Thank you, Father. My expectations were similar and so did not watch it.
I will reconsider.
The programme did seem to me to put it all down to Pope Urban II's "motu proprio" sermon, as if this came out of the blue. As I understand it, the access to the holy places by Christians was being restricted, and a response was needed to open up this access. It also went almost unmentioned that the crusades were a very belated response to the islamic destructions of Jerusalem and the Christian East in the 7th century and afterwards. No Christian can fail to be deeply ashamed at the appalling atrocities (as we would now see them) committed in the name of the Church, but those were the consequences of being in a city that did not surrender when it fell after a siege.
The First Crusade resulted from the rise of the Seljuk Turks and their defeat of the Byzantine army at Manzikert in 1071. Faced with the loss of Anatolia (the main recruiting ground for the Empire) the Emperor called for military help from the West. And as Fr Young points out, the former Arab rulers of Jerusalem were accommodating to Christian pilgrims,whereas the more fanatical Turks, recent converts to Islam, were not. That the crusade was a Christian reaction to a recent Moslem invasion was not mentioned.
Urban addressed his appeal to the military classes, and the official crusade took some time to organize. Before it was ready the so-called 'people's crusade' had set off for Constantinople - Urban had not forseen such an extraordinary mass movement, and the Emperor, who was expecting disciplined Frankish knights, was horrified when this vast rabble appeared before the walls of his city. He quickly arranged for them to be shipped across to Asia Minor where they were slaughtered or enslaved by the Turks. This was glossed over in the programme.

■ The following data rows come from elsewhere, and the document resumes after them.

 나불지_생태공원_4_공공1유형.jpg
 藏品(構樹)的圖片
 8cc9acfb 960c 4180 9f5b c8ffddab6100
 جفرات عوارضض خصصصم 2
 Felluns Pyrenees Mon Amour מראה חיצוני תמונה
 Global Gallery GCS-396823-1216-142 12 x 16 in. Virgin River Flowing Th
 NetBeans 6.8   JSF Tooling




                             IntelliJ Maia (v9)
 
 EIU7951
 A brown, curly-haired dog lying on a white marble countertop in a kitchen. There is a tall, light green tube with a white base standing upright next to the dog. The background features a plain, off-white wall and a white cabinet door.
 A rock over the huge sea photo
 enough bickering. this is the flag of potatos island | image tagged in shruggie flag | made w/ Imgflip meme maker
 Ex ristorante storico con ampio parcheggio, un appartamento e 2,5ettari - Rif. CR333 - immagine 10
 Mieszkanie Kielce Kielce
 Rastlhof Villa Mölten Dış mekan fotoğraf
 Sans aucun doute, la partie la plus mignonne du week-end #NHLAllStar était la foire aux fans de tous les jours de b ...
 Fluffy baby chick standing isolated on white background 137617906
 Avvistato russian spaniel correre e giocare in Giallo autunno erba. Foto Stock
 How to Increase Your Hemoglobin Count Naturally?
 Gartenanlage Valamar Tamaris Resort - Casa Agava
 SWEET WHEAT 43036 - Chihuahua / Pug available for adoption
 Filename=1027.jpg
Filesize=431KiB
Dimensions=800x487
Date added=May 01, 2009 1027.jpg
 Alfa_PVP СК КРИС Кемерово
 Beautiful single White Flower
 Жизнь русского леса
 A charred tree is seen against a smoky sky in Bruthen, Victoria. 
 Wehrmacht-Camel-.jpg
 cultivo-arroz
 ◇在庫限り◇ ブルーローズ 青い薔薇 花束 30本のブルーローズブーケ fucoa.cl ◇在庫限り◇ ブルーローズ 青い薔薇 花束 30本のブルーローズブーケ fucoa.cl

They might also have mentioned the Christian significance of Antioch. As for 'new evidence', I won't hold my breath. The classic account is still Sir Steven Runciman's three volume History of the Crusades, published over fifty years ago and a masterpiece of historical writing.
Can you supply the source for the illustration? I am interested to see that the "triple-dot" motif - both with and without the stripe - is used for both Crusaders and Saracens (and their horses and shields). This is quite unusual, as the motif is normally used to differentiate different classes of people. It is most commonly used to imply grandeur, sanctity or wealth.
Julianna Lees
I think if you look up "crusades" "manuscript" you will find it.